MYXOPAPILLARY EPENDYMOMA OF THE SPINAL CORD IN ADULTS: A REPORT OF PERSONAL SERIES AND REVIEW OF LITERATURE

Ibrahim Omerhodžić; Mirza Pojskić; Krešimir Rotim; Bruno Splavski; Lukas Rasulić; Kenan I Arnautovic

doi:10.20471/acc.2020.59.02.17

. 2020 Jun;59(2):329–337. doi: 10.20471/acc.2020.59.02.17

MYXOPAPILLARY EPENDYMOMA OF THE SPINAL CORD IN ADULTS: A REPORT OF PERSONAL SERIES AND REVIEW OF LITERATURE

Ibrahim Omerhodžić ¹, Mirza Pojskić ^2,3, Krešimir Rotim ^3,5, Bruno Splavski ^3,6, Lukas Rasulić ⁷, Kenan I Arnautovic ^8,9,^✉

PMCID: PMC7808218 PMID: 33456121

SUMMARY

Myxopapillary ependymomas (MPE) of the spinal cord are slow-growing benign tumors most frequently found in adults between 30 and 50 years of age. They arise from the ependyma of the filum terminale and are located in the area of the medullary conus and cauda. The recommended treatment option is gross total resection, while patients undergoing subtotal resection usually require radiotherapy. Complete resection without capsular violation can be curative and is often accomplished by simple resection of the filum above and below the tumor mass. Nevertheless, dissemination and distant treatment failure may occur in approximately 30% of the cases. In this paper, we propose an original MPE classification, which is based upon our personal series report concerned with tumor location and its correlation with the extent of resection. We also provide literature review, discussing surgical technique, tumor recurrence rate and dissemination, and adjuvant treatment. In conclusion, our findings suggest that MPE management based on the proposed 5-type tumor classification is favorable when total surgical resection is performed in carefully selected patients. Yet, further studies on a much broader model is obligatory to confirm this.

Key words: Myxopapillary ependymoma, Gross total resection, Surgical technique, Tumor classification

Introduction

Spinal cord myxopapillary ependymoma (MPE) derives from the filum terminale (1), representing the most common tumor of the medullary conus and accounts for nearly 13% of all ependymomas (2-4). According to the World Health Organization (WHO) classification (5, 6), MPE is a slow-growing grade I tumor, which is most often found in adults aged 30-50 years (7). Although such a tumor is mainly situated in the lumbar spine just below the medullary conus, it may also spread to the thoracic spine, and sacrum (8). Some of these tumors may become aggressive in spite of their benign histopathology, and they may metastasize along the neural axis to distant cranial and spinal locations, or to local spots after surgery (1, 9). Therefore, gross total tumor resection, accompanied by intraoperative neuromonitoring, remains the best surgical management option available (9-11), while patients undergoing partial (subtotal) resection typically require adjuvant high-dose radiotherapy (12, 13). Complete tumor removal without iatrogenic capsular damage followed by simple resection of the filum above and below the tumor mass is always beneficial, but it may be difficult to accomplish. When rupture of the tumor capsule occurs during surgery, brain and whole spine adjuvant radiotherapy is suggested to prevent local recurrence and cerebrospinal fluid (CSF) dissemination (14). Preservation of sacrococcygeal nerve roots is vital to diminish the incidence of postoperative urinary dysfunction (15). Nevertheless, neural axis dissemination, distant treatment failure, and tumor relapse may occur in one-third of patients (13).

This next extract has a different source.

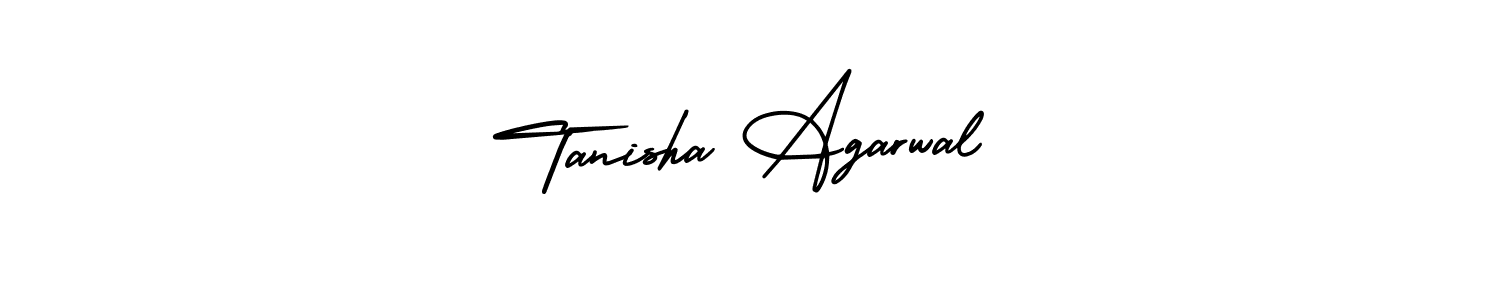 It looks lik you need a new signature style for name Tanisha Agarwal. Design unique handwritten (AmerikaSignatureDemo-Regular) signature with our free signature maker in just a few clicks. Tanisha Agarwal signature style 3 images and pictures png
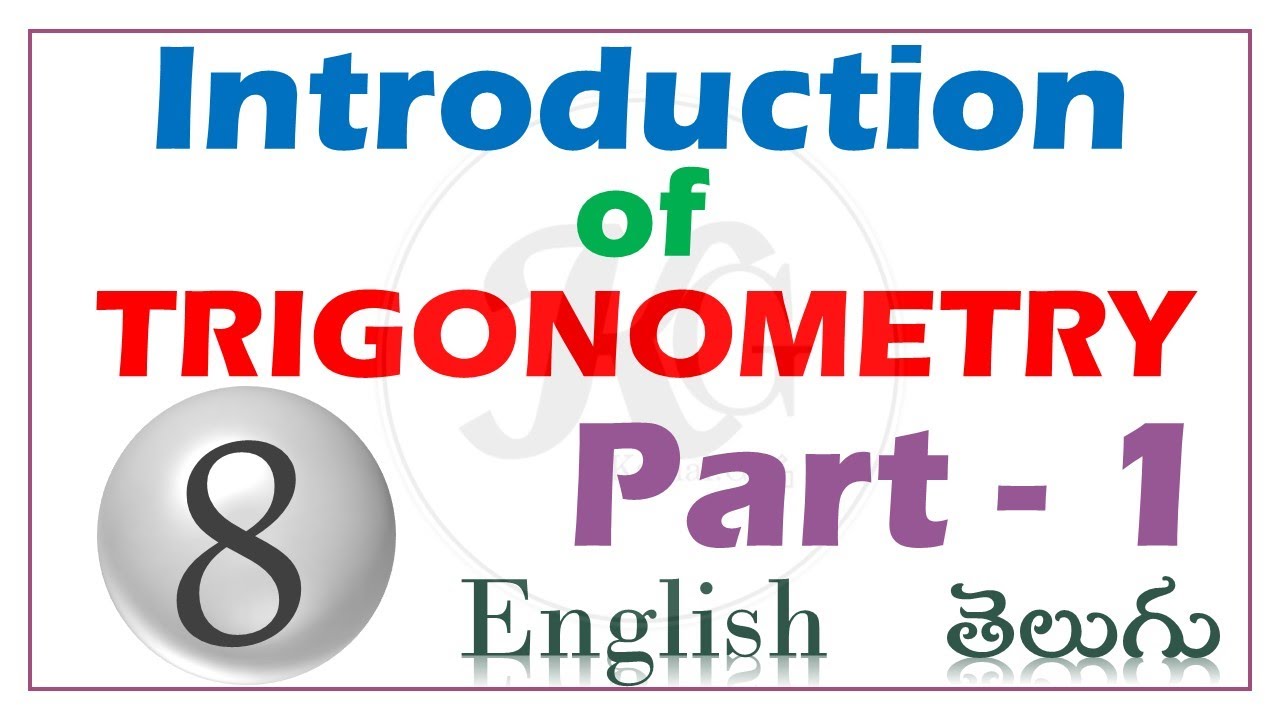 TRIGONOMETRY PART 1 - YouTube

Herein, we present a 7-case personal series report and propose an original anatomical and surgical MPE classification grounded on tumor location and its correlation with the extent of resection (16). We also provide a literature review, discussing surgical technique, tumor recurrence rate and dissemination, and adjuvant treatment.

Case Series Report

Case 1

A 45-year-old female was admitted to the hospital due to minor lower-limb motor weakness and urinary retention. A cystic contrast-enhancing tumor at L1-2 level (arrow) with syringomyelia at T10-12 level was identified on preoperative sagittal post-contrast T1-weighted spinal magnetic resonance imaging (MRI) (Fig. 1a). The cyst and syringomyelia (arrow) were well visualized on sagittal T2-weighted MRI (Fig. 1b). According to our classification, the tumor was determined to be type IV B MPE (involving the entire medullary conus with cystic compartment and signs of syringomyelia in the upper part of the cord). Postoperative sagittal T2-weighted MRI of the spine revealed complete tumor resection with syringomyelia resolution (Fig. 1c) resulting in full neurological recovery.

Fig. 1 — Preoperative sagittal post-contrast T1-weighted MRI of the spine showing a cystic contrast-enhancing tumor at medullary conus (L1-2) level (arrow) with syringomyelia at T10-12 level (a) and sagittal T2-weighted MRI visualizing the cyst and syringomyelia (arrow) better (b). Postoperative sagittal T2-weighted MRI revealing complete tumor resection with syringomyelia resolution (c).

Case 2

A 43-year-old female presented with acute urinary retention and initial paraparesis. A spinal cord cystic tumor with intratumoral hemorrhage at L1-L3 level (arrow), and subdural hematoma at S1 level (asterisk) were visualized on sagittal T2-weighted MRI of the lumbar spine (Fig. 2a). Axial T2-weighted MRI demonstrated tumor cyst of the vertebral canal ventral part at L1 level (arrow) (Fig. 2b), and subdural hematoma of the dorsal part of the canal at S1 level (asterisk) (Fig. 2c). The tumor was also classified as type IV B MPE (involving the entire medullary conus with cystic compartment hemorrhage). Complete tumor resection, hematoma evacuation, and spinal T12-L3 stabilization with transpedicular screws and rods were accomplished successfully, which was confirmed by postoperative sagittal T2-weighted MRI (Fig. 2d,e) and resulted in full patient recovery.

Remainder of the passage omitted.